State unemployment insurance (SUI) is largely funded by employers. Most employers are charged tax that depends on two things: the overall health of the fund into which SUI tax is collected and the claims history of the employer. So, an employer with a long history of chargeable claims, for example, will pay more than others. Also, if there is lots of money built up in the fund then the tax rate goes down for everyone.
The health of the fund determines the proper tax rate schedule. The schedules are named after a letter of the alphabet, with A the least costly schedule and H the most expensive. The fund health is measured at the end of the year, and that measurement is used to set the rate for the following year.
Although the Great Recession of 2008 and related events caused the fund to run out of money, and we needed to borrow around $180 million from Uncle Sam, employers were not subjected to the dreaded Schedule H because our lawmakers passed special legislation to control the SUI rates and override the normal formulas for the years 2010 through 2012.
What can we expect once the year ends? Lately, the volume of unemployment claims has been so great that the authorities set up a processing center at the Hawaii Convention Center. Our fund started off the year at nearly $600 million but has been draining rapidly. A news release dated July 2 said that the Department of Labor and Industrial Relations already has paid out $1.85 billion in benefits. Fortunately, federally funded benefits such as the extra $600 per week paid to those on unemployment are not charged to employers because that money does not come from our fund. The state’s budget bill, Senate Bill 126, section 38, appropriates federal CARES Act money to fund an additional weekly unemployment benefit of $100 per week once the federal $600 per week runs out. Those benefits will not affect the SUI fund either and should not count against employers for the same reason.

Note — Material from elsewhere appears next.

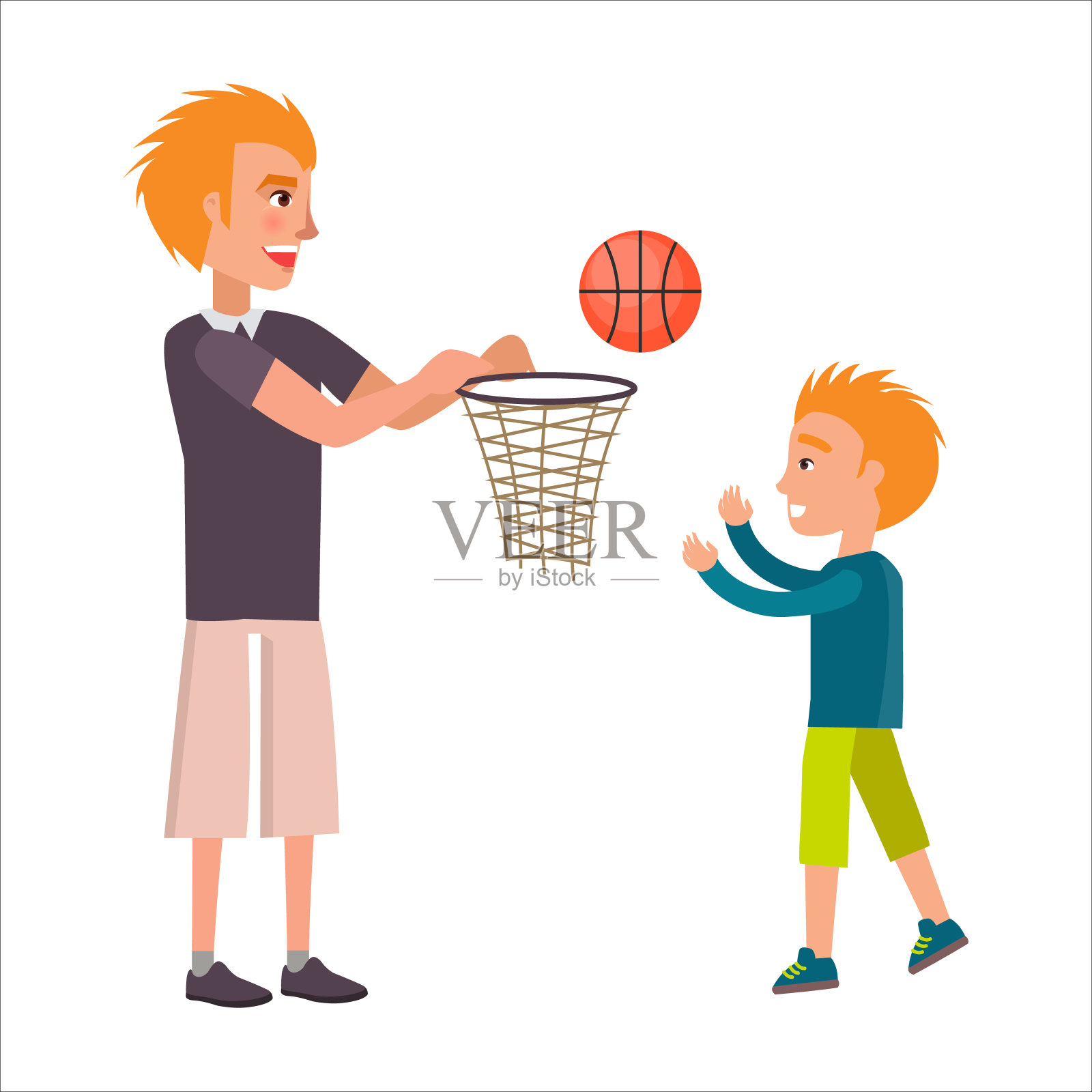 爸爸和他可爱的儿子打篮球设计元素图片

Nevertheless, with an unemployment rate peaking at 23.8 percent in April, a tremendous strain has been placed on the fund. There will be a spike in SUI rates next year unless our government does something to prevent it, as it did for the years 2010-12. Is our government simply going to wait around for the automatic increases to take effect from the beginning of 2021? Some businesses might not survive another hit at that time. Perhaps, some thought should be given sooner rather than later to the impact of elevated SUI rates.
* Tom Yamachika is the president of the Tax Foundation of Hawaii.